Have you tried LLM coding assistants with q/kdb+?

Has anyone had success using LLMs (Claude, ChatGPT, Gemini, Cursor etc.) with q/kdb+?

I’ve been experimenting with this challenge - LLMs seem to know q conceptually but struggle with the syntax and idioms. I’ve been brainstorming how to make current LLMs work; in the process I’ve built a q MCP server you can install with pip install qmcp (here’s the PyPI page). This allows Claude Code to keep banging its head repeatedly until it gets things right; I put a transcript with a blog article on Medium).

Curious about others’ experiences - have you found ways to make LLMs more effective with q? Any particular prompting strategies or tools that work well? Or is the language just too specialized for current models?

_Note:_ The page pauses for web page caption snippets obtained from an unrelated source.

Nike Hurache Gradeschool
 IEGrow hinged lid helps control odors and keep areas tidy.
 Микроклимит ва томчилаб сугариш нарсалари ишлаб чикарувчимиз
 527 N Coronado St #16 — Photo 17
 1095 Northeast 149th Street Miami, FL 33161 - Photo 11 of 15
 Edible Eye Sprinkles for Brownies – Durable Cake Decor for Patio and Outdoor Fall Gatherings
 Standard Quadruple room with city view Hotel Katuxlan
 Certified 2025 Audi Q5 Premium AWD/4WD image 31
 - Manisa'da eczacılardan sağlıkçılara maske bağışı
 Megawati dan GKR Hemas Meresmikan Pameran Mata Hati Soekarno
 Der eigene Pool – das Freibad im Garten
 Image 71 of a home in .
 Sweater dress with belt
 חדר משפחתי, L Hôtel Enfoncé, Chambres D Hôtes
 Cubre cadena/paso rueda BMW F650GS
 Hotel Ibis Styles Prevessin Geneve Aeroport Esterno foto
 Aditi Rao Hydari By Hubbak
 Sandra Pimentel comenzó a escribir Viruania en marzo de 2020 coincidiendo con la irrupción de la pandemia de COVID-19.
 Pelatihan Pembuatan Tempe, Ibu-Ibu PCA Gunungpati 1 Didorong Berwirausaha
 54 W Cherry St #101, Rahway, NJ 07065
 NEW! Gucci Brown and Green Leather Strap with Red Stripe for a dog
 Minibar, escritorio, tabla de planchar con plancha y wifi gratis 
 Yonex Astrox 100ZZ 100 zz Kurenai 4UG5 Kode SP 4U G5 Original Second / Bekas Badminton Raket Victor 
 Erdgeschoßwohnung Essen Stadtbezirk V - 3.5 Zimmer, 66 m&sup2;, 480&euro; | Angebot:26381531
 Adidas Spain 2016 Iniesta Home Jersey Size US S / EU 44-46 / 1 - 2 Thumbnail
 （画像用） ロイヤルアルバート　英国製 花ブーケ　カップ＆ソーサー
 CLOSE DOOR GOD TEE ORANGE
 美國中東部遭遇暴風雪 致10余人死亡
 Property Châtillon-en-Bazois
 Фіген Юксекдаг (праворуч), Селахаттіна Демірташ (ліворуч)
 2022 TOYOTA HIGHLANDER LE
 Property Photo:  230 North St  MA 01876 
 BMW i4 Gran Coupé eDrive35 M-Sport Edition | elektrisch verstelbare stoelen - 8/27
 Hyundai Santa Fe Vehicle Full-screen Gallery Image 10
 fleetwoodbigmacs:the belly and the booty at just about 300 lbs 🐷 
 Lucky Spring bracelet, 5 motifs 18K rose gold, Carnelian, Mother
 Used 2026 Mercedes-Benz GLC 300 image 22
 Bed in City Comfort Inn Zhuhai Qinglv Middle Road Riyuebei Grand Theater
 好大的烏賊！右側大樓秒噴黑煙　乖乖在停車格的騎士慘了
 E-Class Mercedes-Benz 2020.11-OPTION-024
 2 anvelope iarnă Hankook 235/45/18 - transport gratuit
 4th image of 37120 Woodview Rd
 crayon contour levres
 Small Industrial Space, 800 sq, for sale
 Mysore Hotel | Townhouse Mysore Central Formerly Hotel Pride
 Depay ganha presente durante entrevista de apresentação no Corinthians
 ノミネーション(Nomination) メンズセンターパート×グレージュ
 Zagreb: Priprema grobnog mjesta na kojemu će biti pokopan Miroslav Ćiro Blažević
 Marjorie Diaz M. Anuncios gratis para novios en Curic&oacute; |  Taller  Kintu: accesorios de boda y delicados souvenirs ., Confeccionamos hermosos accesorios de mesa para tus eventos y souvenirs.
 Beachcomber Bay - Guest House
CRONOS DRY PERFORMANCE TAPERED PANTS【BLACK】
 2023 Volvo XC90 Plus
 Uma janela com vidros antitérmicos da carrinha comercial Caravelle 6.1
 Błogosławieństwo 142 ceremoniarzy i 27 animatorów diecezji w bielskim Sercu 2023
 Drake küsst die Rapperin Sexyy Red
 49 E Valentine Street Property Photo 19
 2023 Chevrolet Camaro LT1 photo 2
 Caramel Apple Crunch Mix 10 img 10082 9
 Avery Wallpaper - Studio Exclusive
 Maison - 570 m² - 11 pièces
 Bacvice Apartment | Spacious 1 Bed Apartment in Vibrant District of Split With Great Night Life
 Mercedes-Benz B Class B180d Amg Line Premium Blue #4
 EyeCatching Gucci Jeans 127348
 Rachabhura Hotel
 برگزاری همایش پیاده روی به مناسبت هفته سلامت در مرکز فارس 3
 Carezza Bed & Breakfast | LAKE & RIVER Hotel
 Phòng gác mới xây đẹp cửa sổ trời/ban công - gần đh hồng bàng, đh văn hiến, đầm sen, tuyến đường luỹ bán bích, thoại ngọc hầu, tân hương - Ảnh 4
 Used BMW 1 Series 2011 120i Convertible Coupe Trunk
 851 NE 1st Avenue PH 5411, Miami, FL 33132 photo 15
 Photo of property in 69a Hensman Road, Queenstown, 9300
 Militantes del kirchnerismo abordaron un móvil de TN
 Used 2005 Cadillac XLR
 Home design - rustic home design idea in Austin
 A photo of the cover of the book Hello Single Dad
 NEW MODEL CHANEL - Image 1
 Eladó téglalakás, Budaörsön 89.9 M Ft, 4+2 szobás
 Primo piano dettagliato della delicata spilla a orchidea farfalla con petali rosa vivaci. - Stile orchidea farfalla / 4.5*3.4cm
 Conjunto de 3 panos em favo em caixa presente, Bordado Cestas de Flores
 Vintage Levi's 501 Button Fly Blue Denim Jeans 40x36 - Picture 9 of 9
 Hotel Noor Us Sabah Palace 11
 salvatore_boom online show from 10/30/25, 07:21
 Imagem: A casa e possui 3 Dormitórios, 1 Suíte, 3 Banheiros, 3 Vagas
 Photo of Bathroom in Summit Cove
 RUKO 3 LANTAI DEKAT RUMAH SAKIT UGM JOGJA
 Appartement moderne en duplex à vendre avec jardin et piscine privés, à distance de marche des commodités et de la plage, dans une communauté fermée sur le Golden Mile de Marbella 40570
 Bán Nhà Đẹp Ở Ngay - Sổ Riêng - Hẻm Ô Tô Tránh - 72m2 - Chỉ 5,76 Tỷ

I’m also thinking of building a corpus of code to turn this MCP server into a coding assistant tool to make LLMs be really helpful; do you have any suggestions what sort of code collections / git repos I should use to have good coverage of different q coding patterns?

I’ve tried it a bit but they seem to get confused. Fortunately KX is working on training a ‘qLLM’ :slight_smile:

That’s exciting! I’d love to learn more about the qLLM project. Given that I’ve been working on this problem and have some working solutions and insights from the MCP server experiments, I wonder if the team might be interested in exchanging ideas or collaborating?

Is there a way to get in touch with them, or would you know who’s leading this initiative at KX? Thanks!